This black and white sketch was drawn for us by Dev, a new friend in India. I love it. For Christians, it represents one of the most important events in history—the birth of the Christ child. But whether you are Christian or not the painting embodies the tender love of family—the sweet innocence and radiance of a newborn child; the pride and gentle affection of a mother; the strength and encircling protection of a father. Love is the magnet which magically draws them together.
Of course, such moments of tenderness, though precious, are somewhat rare, interrupted by the hurriedness of our lives, our confused priorities, even our ego-based insecurities and resentments. We look forward to the holidays and then overlook or even insulate our hearts from what is most important.

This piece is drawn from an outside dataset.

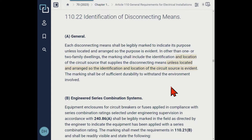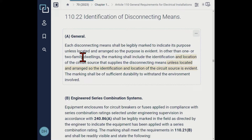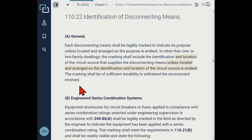Before we get too far into this conversation, we kind of glossed over the first sentence, which is: each disconnecting means shall be legibly marked to indicate its purpose unless located in a manner so the purpose is evident. That's a requirement regardless of whether you're in a dwelling unit, industrial building, or a high rise. In other than one or two family dwellings — not any dwelling unit, but one or two — the marking shall include identification and location of the circuit source that supplies the disconnecting means, unless located in a manner so the identification and location of the circuit source is evident.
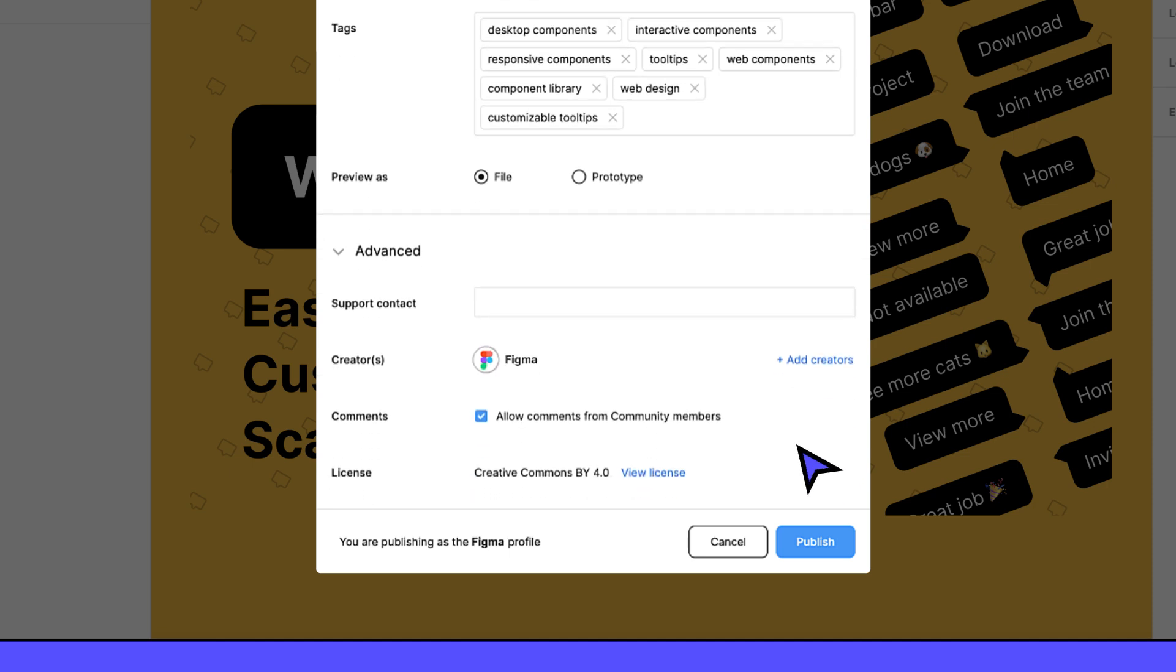Continuing down the publishing modal, you'll notice that there is a Support Contact field. Providing support is a big part of creating a great user experience. You'll need to provide an email address, website, or Help Center link when you publish your resource. If you receive questions from users, be sure to respond promptly.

So how about if this holiday season we slow down, quiet our minds, soften our hearts, let go of a little pride (our tendency to judge and take offense, our desire to be right, our need to suffer or hold onto grudges) so we can be present with our loved ones in a way that allows the most natural and deepest yearning of our hearts to pull us into connection, unity, at-one-ment.
Perhaps we do this as we make our primary aim that of caring for another’s happiness or well-being. We choose to be wholly present with the person directly before us. We pause the monologue going on in our own heads. We look into their eyes. We hear what they are saying, not just the words but the feelings and meaning behind those words. We give up our need for them to be different. And we communicate, not so much by what we say but by the gift of our conscious presence, our respect, honor, and love.
Many call this season holy because of what happened millennia ago. Perhaps it is also holy because of what can happen in our hearts today.
I thank Dev for his beautiful gift, for his reminder of what is most important this Christmas season.